As is clear from the results shown in Table 1, the plating solution containing a water-soluble metal salt (copper sulfate) and a sulfonio group-containing ether compound according to the present invention makes the substrate extremely flat after plating. I was able to On the other hand, in Comparative Examples 1 and 2 using sulfonium compounds having no ether bond, the depressions on the substrate were hardly filled even after plating. Even if the concentration of the leveler was increased as in Comparative Example 2, no flattening effect was exhibited, indicating the importance of containing the sulfonio group-containing ether compound as the leveler. Moreover, all of the plating solutions of Examples 1 to 11 according to the present invention exhibited superior planarization performance compared to the plating solution of Comparative Example 3 containing JGB, which is a general leveler.

Claims (4)

containing a water-soluble metal salt and a sulfonio group-containing ether compound,
The plating solution, wherein the metal salt is a salt containing copper. 2. The plating solution according to claim 1, wherein said sulfonio group-containing ether compound has a structure represented by formula (1).

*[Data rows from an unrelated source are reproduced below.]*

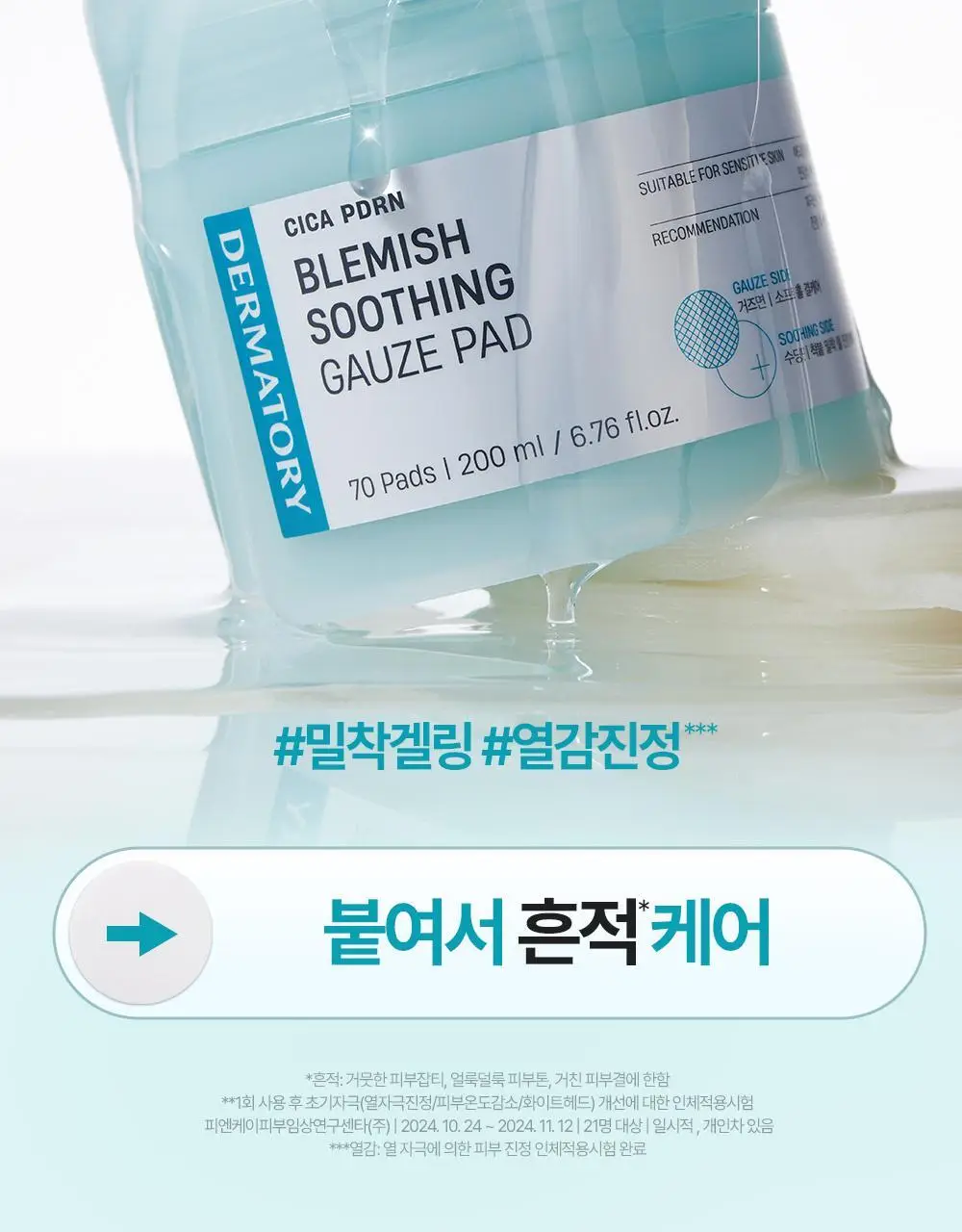 [열감진정] 더마토리 시카 엑소좀 흔적 진정 거즈 토너패드 70매+10매 기획 상세페이지 4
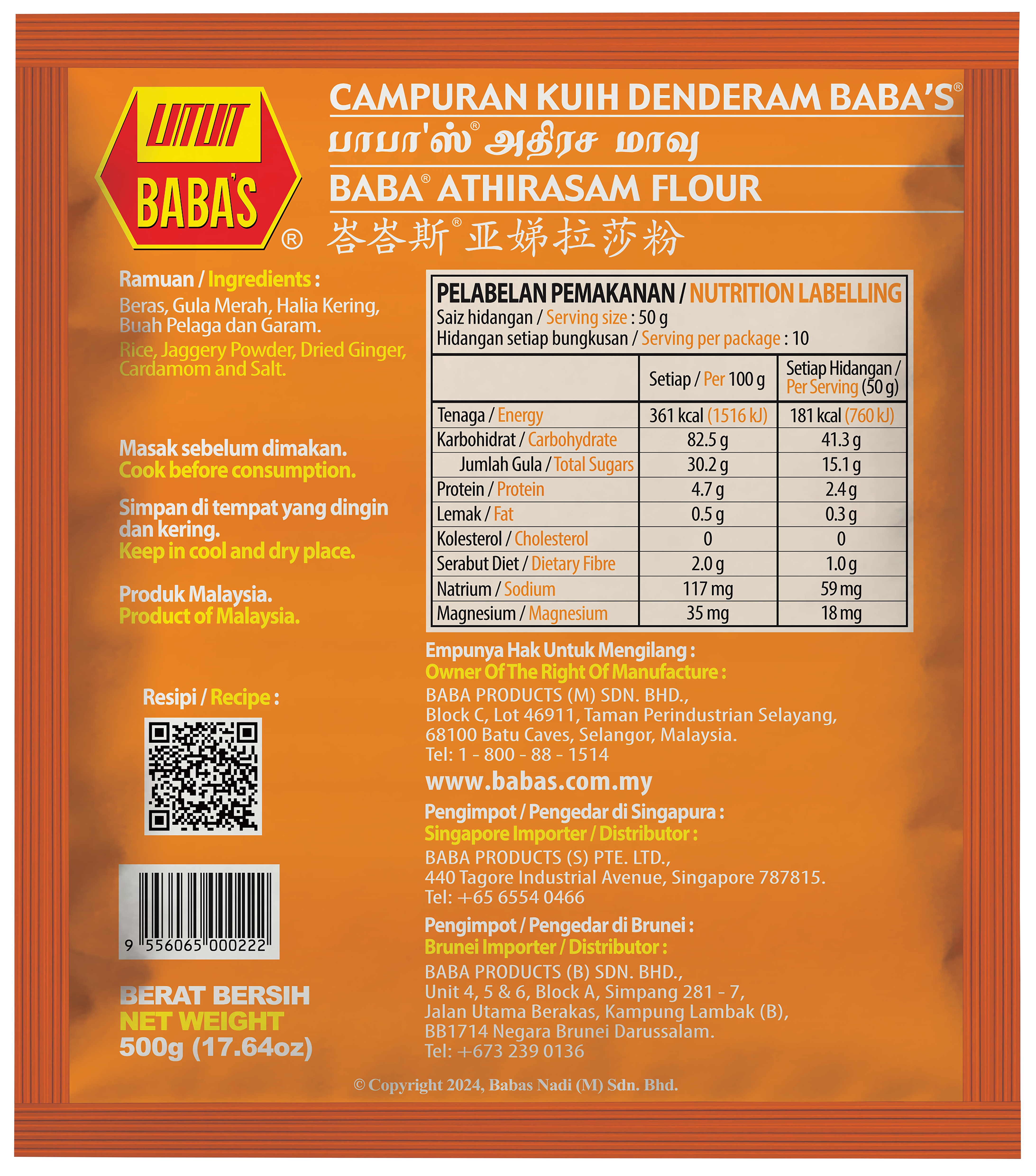 BABA'S ATHIRASAM FLOUR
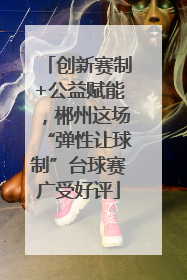 创新赛制+公益赋能，郴州这场“弹性让球制”台球赛广受好评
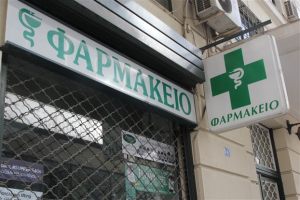Κλειστά τα φαρμακεία της Αττικής του Αγίου Πνεύματος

(In Formula 1, R ¹ and R ² are each independently a substituted or unsubstituted aliphatic or aromatic hydrocarbon group, and R ¹ and R ² are bonded to each other to form a cyclic structure. E is an ether moiety in the sulfonio group-containing ether compound, or a substituted or unsubstituted aliphatic or aromatic hydrocarbon group to which the ether moiety is bonded.) The plating solution according to claim 1 or 2, wherein the sulfonio group-containing ether compound has a mass average molecular weight of 2,000 or more and 10,000 or less. 4. The plating solution according to claim 1 , which contains the sulfonio group-containing ether compound at a concentration of 0.1 mg/L to 1 g/L.